In all theories in which they exist, they are massless.

right

@skullpetrol news.ycombinator.com/news

@skullpetrol "hacker" just means "programmer" in this context

@ManishEarth I don't think the existence of gravitational waves implies the existence of gravitons.

right

it's unrelated

Unless there's some empirical evidence about gravity being a quantum field?

it was just a discussion that popped up there

nope

@ManishEarth Ok, well in string theory which is correct (maybe) the graviton is massless.

though if it was, the reason gravitons are massless would not be "because it's absurd"

because you have the same thing going on with gluons, for example

No, it's because of representation theory of SO(something) ;)

yep

It's just that massive bosons lead to forces that fall off exponentially with distance, which gravity obviously doesn't.

@ACuriousMind Proof?

The mass might be reaaaaaaaaaaaaaaaaally small.

Hi, everybody.

Then the Yukawa force would be almost pure inverse square.

@ACuriousMind yep

@0celo7 Do the calculation by which one derives the Coulomb potential from QED for a massive boson instead.

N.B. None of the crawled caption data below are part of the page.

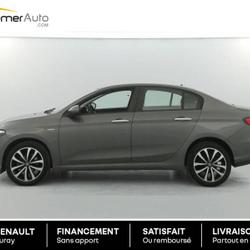 Fiat Tipo 2 1.4 95 ch Pop Auray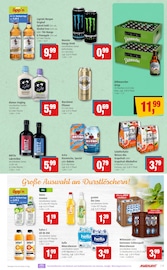 Likör im Markant Prospekt in Neumünster Aktueller Markant Prospekt mit Likör, "...freu Dich drauf!", Seite 13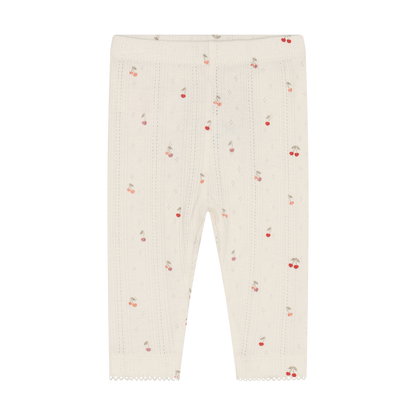 FIXONI Cherry Leggings 423175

@0celo7 then the bound would probably be smaller than the neutrino bound we have

@ACuriousMind I know how the Yukawa force calculation works.

@0celo7 Well, that you have for all massless things: You can always technically only say that the mass is below our detection threshholds.

I'm saying that you can only bound the mass of the graviton using that.

@ACuriousMind Exactly.

But in theory the mass is mathematically zero.

So what's your point?

When have I ever had a coherent point?

I'm just saying things.

True dat^

@0celo7 I'm pretty sure you can get some symmetry to break and get its Goldstones eaten by the gravitons.

@ACuriousMind In string theory?

@0celo7 Nah, just thinking QFT here, no idea how SSB is supposed to work in string theory

::sigh:: I should have spend the time I spent on BBS reading topology instead. Now I know how bosonic string theory works (maybe) and just got confused after that.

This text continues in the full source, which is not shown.